I am pleased to hear that the bar chart will not be neglected in the rebuild. It may not be as flashy on the presentation side, but it is often the best tool for intuitive communication to prompt management decisions.
If you are working toward minimum and maximum controls, then please allow us to pass those values to the graph via flow variable. Attempts at “automating” these values based off of the domain will fall short of user requirements because uses, preferences and story telling requirements varies so heavily. (For instance, our charts are often used to represent budget adjustments based on averages. When doing this, great care must be taken to visually display in a way that clearly shows average differences for decision making purposes without setting a min / max that skews a user’s interpretation of those differences.)

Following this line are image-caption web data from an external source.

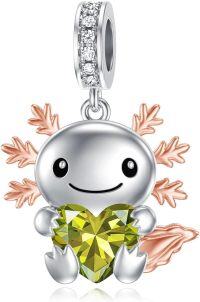 wholesale 925 Sterling Silver Axolotl Charm with Peridot Heart Birthstone for Bracelets Jewelry Making Gifts for Women-08-Aug-Axolotl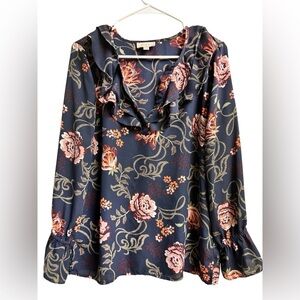 LOFT Outlet Floral Ruffle Blouse Women’s M Navy Long Sleeve Lightweight Top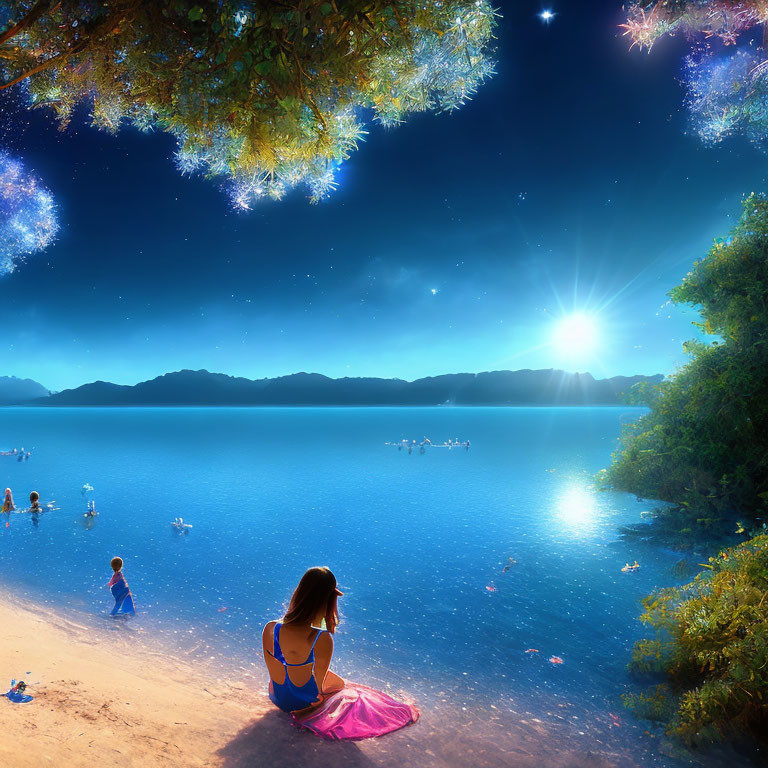 Girl in Pink Skirt by Shimmering Lake at Sunset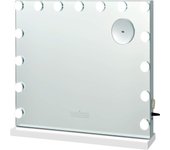 Espejo de tocador de maquillaje con parlantes led 15 luces 3 colores de luz espejo pequeño con 10 aumentos bluetooth blanco csw585553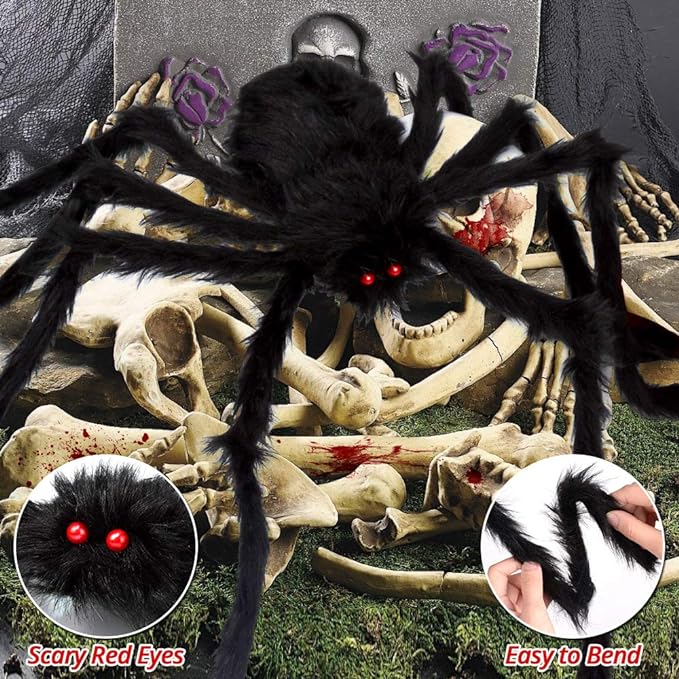 200" Halloween Spider Web + 59" Giant Spider Decorations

I utilize reference lines in all of my reporting. They are a crucial tool for displaying budget vs actual, instant visual feedback of changes applied during user interaction, and visual feedback as to how a change is being applied. Here are some visual examples.
This shows a basic image of a calculated “per bar” reference line that can be used to easily show budget vs actual within an interactive dashboard.
This shows other ways that I utilize reference lines to display different calculation practices. (Ignore the label of “Average” as this is not really a great use case for the need of this capability) Ideally all of these reference line approaches could be utilized, uniquely formatted and overlapped on the same chart, as well as multiple uses of the same type of reference line (aka more than 1 per bar reference line showing 2 different concepts, such as one reference line for budget and another for user proposed changes). A reference line controls should include color, thickness, percent of the bar area, value / labeling and “fill up to line” (this would fill the area up to the reference line with a certain color / transparency either in the background or layered in front of the graph.)
A strong upgrade of this interactive bar chart would be a massive game changer. It represents an entry point opportunity for me (and potentially thousands of other business users) to fully migrate from Tableau server over to what would become a much simpler and more capable platform of KNIME Business Hub.
In general, I would add that there is far more KNIME revenue potential for exponential growth of Business Hub with a heavier development shift toward highly flexible “business reporting friendly” interactive visualizations and user dashboard interaction control options.
This got long quickly… Would you like me to move this post over to the suggestions area of the forum?
Just wanted to add that I would definitely prioritize enhanced visualization options over “in chart aggregations”. We already have almost infinite possibilities to handle aggregations in the KNIME platforms prior to our chart visualizations. I personally can’t imagine ever using “in chart” aggregation options for review, adjustment and proofing reasons.
Maybe there are a few things that might be user friendly like combined total on a stacked bar chart for value display or something, but I don’t see why we can’t just calculate things like averages and labels first and just feed them through for display in columns. There will always be way more flexibility in the overall platform then anything you can pull off with a single visualization node.
thanks for the explanation and the examples. Makes a lot of sense to continue this discussion in the feature section, thanks for moving the thread.
Regarding your point on the aggregation: I think it makes sense to have some way of aggregation in the plots themselves, as this will help especially new users to get faster to a first result. But I totally agree, that KNIME offers better and more explicit ways to perform this aggregation. Therefore the new default in the new views is to perform no aggregation.